Formal but fun: saying farewell to QE’s leavers

Formal but fun: saying farewell to QE’s leavers

QE’s Valediction event for the Class of 2023 saw the 450th anniversary year cohort gather with their parents for an afternoon celebration.

There were prizes for some, while the contribution of all the leavers – or graduands – was celebrated during an occasion in Shearly Hall that featured speeches and presentations, followed by afternoon tea on Staplyton Field.

The guest speaker was Sahil Handa (OE 2009–2016), the first-ever Elizabethan to take up a place at Harvard in the US, who has already blazed a trail in several different fields, from the arts to founding IT startups.

As befitting an event which embraced a sense of fun alongside its formal aspects, the afternoon’s musical interludes looked to the lighter side: staff reportedly enjoyed processing in to the accompaniment of Michael Jackson’s Billie Jean, performed by the QE Jazz Lounge.

Headmaster Neil Enright thanked parents for their “huge support, both moral and financial, over the years” and urged both them and their sons to stay in touch with the School.

He told the boys: “I hope in the years to come that you will come back and see us; tell us about your adventures and careers; and, more importantly, tell those following in your footsteps through the School: that you will show them and their families the great variety of things that an OE can do, and an Elizabethan can be.”

The guest speaker was himself an example of that variety. Currently a Visiting Fellow at The John Hopkins University in Baltimore, Sahil is, among many other things:

  • A writer: he was a founder of Persuasion, a non-profit magazine devoted to liberal values and the defence of free speech
  • An entrepreneur: he has worked on both Typos, a messaging app for creatives and Lines, a messaging app offering verifiable communications in the blockchain-based web3, for which his company has raised over $6.5m in funding
  • A dancer: he ran the QE dance club for four years and lists “dance battles at nightclubs” among his present interests
  • An artist: he was selected for the Royal Academy of Arts’ AttRAct scheme while at QE and still enjoys painting on canvas.

Sahil attended Valediction together with his mother, cousin, friends and his brother, Nikhil Handa (OE 2013–2020). He recalled his first encounter with Deputy Head (Pastoral) David Ryan, who hauled him over the coals after spotting him dancing outside the classroom window to entertain his classmates during afternoon form time. This less-than-auspicious beginning soon turned into a supportive relationship, however, when he became part of Mr Ryan’s English class. “I thought he’d make my life miserable. But to my surprise, it seemed as though he’d forgotten the whole episode entirely.

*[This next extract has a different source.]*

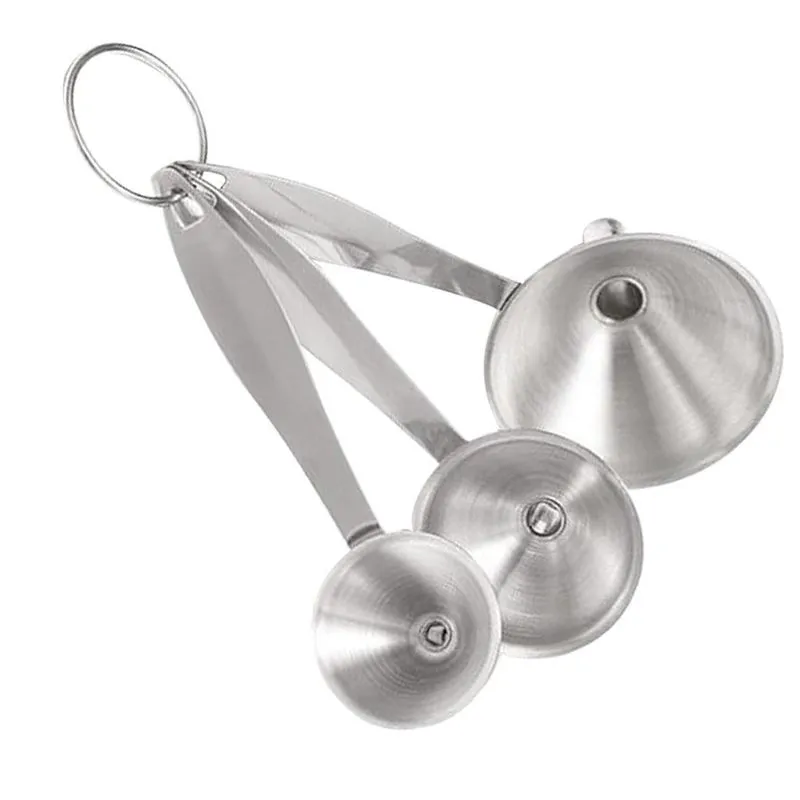 3 Pçs/conjunto De Enlatados De Boca Larga De Funil De Cozinha De Aço Inoxidável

I went on to learn everything from him… Mr Ryan was also the first person who complimented me for being a generalist.”

Sahil spoke of: the trials and tribulations of being a writer – “if I did not write, I would not be true to myself”; the importance of confidence and of learning from rejection, and of “maintaining and strengthening the relationships that matter”.

In conclusion, he alluded to the former TV show, Takashi’s Castle. “There’s an activity where contestants try to skip across stones on a lake, avoiding falling into the sea. I like to imagine. It’s how I feel when I’m dancing: like melodies are being created for my feet. You are now leaving a place of constraints and the world will create stones for you, if only you skip. Write the email. Ask the question. Start the conversation. Say the tough thing. Make the difficult choice. Take a posture towards the world that makes you look up and laugh at its wonder. It’ll be as though somebody is creating stones for you to walk on.”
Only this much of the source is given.